Migrating to grafeas 1.0

The 1.0 release of the grafeas client is a significant upgrade based on a next-gen code generator, and includes substantial interface changes. Existing code written for earlier versions of this library will likely require updates to use this version. This document describes the changes that have been made, and what you need to do to update your usage.

To summarize:

  • The library has been broken out into two libraries. The new gem grafeas-v1 contains the actual client classes for version V1 of the Grafeas service, and the gem grafeas now simply provides a convenience wrapper. See Library Structure for more info.
  • The library uses a new configuration mechanism giving you closer control over endpoint address, network timeouts, and retry. See Client Configuration for more info. Furthermore, when creating a client object, you can customize its configuration in a block rather than passing arguments to the constructor. See Creating Clients for more info.
  • The library is now provider-agnostic, no longer defaulting to the endpoint and credentials for Google's implementation. You must specify the endpoint explicitly. If you want to use Google's Cloud Container Analysis service, install the google-cloud-container_analysis gem, which provides a Google-specific wrapper. See Provider Independence for more info.
  • Previously, positional arguments were used to indicate required arguments. Now, all method arguments are keyword arguments, with documentation that specifies whether they are required or optional. Additionally, you can pass a proto request object instead of separate arguments. See Passing Arguments for more info.
  • Previously, some client classes included helper methods for constructing resource paths. These methods now take keyword rather than positional arguments, and are also available in a separate paths module. See Resource Path Helpers for more info.
  • Previously, clients reported RPC errors by raising instances of Google::Gax::GaxError and its subclasses. Now, RPC exceptions are of type Google::Cloud::Error and its subclasses. See Handling Errors for more info.
  • Some classes have moved into different namespaces. See Class Namespaces for more info.

Library Structure

Older 0.x releases of the grafeas gem were all-in-one gems that included potentially multiple clients for multiple versions of the Grafeas service. The Grafeas.new factory method would return you an instance of a Grafeas::V1::GrafeasClient object for the V1 version of the service.

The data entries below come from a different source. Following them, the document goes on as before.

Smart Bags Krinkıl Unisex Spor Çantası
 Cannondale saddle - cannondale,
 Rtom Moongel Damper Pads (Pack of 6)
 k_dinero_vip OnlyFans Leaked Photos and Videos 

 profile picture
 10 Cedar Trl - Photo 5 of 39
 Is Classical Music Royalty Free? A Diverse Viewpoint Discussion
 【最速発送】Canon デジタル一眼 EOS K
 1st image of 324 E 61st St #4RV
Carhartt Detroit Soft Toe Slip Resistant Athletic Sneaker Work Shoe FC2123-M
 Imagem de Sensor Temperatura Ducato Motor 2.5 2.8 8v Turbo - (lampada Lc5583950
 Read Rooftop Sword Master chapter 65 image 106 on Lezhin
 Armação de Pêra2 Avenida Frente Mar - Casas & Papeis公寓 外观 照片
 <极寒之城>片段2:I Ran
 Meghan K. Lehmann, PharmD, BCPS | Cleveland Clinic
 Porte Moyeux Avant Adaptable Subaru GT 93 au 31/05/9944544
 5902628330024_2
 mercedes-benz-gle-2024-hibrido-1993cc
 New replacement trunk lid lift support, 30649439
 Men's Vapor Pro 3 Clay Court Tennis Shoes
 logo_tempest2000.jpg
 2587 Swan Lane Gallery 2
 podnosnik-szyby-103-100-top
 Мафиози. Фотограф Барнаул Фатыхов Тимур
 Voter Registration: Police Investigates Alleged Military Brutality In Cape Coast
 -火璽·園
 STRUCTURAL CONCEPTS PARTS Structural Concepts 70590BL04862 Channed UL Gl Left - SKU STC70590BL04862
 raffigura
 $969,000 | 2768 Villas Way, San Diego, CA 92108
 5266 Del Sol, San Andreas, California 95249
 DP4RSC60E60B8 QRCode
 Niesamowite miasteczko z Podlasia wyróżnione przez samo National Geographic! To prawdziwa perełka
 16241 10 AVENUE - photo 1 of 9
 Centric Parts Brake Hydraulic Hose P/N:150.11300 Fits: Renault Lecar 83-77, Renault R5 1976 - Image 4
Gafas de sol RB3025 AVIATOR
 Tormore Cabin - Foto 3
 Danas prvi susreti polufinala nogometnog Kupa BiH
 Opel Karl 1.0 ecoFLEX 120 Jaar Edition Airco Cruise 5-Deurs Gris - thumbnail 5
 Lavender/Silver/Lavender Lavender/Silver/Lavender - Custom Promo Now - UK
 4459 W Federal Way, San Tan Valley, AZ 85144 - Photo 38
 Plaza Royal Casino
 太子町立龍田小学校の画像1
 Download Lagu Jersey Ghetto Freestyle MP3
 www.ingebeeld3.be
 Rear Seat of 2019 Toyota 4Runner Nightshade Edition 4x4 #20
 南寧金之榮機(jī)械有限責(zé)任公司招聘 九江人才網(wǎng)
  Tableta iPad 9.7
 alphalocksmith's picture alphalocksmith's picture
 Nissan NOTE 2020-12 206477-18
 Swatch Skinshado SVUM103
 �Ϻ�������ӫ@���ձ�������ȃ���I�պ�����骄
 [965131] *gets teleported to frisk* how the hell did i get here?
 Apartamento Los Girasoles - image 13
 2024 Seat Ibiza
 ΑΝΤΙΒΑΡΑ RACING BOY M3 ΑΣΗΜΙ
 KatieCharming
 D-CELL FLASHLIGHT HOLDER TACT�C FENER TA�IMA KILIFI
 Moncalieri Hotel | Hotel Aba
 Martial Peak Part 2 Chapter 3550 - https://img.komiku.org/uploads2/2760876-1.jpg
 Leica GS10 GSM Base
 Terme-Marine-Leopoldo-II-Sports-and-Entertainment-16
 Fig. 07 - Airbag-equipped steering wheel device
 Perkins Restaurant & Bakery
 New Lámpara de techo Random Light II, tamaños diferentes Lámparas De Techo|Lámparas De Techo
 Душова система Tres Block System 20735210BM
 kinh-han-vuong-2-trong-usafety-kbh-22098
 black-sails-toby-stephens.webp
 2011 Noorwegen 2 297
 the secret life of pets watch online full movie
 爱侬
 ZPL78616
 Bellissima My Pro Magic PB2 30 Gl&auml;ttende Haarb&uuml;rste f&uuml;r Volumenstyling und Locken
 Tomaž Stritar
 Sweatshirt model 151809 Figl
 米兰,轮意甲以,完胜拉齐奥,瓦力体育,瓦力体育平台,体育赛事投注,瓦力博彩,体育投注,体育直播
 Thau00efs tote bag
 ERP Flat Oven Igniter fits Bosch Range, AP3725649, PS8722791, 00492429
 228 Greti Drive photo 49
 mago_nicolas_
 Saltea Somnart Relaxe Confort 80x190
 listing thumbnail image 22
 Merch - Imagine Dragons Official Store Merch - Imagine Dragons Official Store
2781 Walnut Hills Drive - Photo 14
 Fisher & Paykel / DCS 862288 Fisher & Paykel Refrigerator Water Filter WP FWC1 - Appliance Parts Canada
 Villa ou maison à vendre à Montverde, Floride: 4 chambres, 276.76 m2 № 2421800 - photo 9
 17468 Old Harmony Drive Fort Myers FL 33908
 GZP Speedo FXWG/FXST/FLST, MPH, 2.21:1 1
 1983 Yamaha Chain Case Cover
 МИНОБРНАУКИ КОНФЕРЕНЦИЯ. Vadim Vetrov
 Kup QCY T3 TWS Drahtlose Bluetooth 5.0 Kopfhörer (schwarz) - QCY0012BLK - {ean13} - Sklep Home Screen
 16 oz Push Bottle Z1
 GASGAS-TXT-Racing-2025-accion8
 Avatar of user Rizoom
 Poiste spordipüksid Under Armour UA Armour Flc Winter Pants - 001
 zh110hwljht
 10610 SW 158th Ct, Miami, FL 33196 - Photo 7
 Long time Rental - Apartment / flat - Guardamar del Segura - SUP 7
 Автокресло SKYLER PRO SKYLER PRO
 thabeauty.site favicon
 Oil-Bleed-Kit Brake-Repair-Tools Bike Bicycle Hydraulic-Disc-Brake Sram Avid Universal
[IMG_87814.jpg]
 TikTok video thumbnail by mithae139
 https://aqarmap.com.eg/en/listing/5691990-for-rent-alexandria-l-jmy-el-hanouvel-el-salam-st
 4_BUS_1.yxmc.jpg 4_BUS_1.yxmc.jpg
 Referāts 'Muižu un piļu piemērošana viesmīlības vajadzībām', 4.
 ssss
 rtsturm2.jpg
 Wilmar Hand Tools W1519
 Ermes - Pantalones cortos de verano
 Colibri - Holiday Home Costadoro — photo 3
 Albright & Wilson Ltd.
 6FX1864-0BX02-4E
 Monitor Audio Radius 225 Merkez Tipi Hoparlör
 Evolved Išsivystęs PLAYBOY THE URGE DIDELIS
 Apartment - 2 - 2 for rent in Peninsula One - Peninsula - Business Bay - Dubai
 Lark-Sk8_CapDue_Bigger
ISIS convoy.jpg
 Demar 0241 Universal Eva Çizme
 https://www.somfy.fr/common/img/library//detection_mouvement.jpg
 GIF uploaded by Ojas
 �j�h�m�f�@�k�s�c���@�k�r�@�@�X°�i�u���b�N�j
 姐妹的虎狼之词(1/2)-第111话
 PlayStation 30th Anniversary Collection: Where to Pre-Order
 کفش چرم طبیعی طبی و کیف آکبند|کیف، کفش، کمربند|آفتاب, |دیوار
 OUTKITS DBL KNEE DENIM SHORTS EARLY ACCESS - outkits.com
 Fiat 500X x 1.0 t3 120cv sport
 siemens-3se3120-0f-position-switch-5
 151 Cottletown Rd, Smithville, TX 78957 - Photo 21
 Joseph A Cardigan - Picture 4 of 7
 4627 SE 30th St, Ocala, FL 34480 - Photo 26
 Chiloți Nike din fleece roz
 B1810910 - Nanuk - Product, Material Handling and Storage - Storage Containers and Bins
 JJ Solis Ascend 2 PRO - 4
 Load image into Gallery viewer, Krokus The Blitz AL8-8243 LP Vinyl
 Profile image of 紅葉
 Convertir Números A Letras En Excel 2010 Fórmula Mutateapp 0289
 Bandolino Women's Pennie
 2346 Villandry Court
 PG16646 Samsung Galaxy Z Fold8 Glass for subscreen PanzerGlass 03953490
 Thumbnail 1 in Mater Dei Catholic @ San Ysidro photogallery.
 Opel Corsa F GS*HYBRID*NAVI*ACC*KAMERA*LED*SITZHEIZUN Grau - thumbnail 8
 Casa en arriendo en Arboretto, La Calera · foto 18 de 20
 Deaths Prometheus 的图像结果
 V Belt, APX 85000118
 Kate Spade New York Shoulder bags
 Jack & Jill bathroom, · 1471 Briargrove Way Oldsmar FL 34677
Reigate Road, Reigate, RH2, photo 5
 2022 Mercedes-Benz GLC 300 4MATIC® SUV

With the 1.0 release, the grafeas gem still provides factory methods for obtaining clients. (The method signatures will have changed. See Creating Clients for details.) However, the actual client classes have been moved into separate gems, one per service version. Currently, Grafeas has one version, V1. The Grafeas::V1::Grafeas::Client class, along with its helpers and data types, is now part of the grafeas-v1 gem. If additional versions of the Grafeas service are released, additional gems may be provided for their client classes.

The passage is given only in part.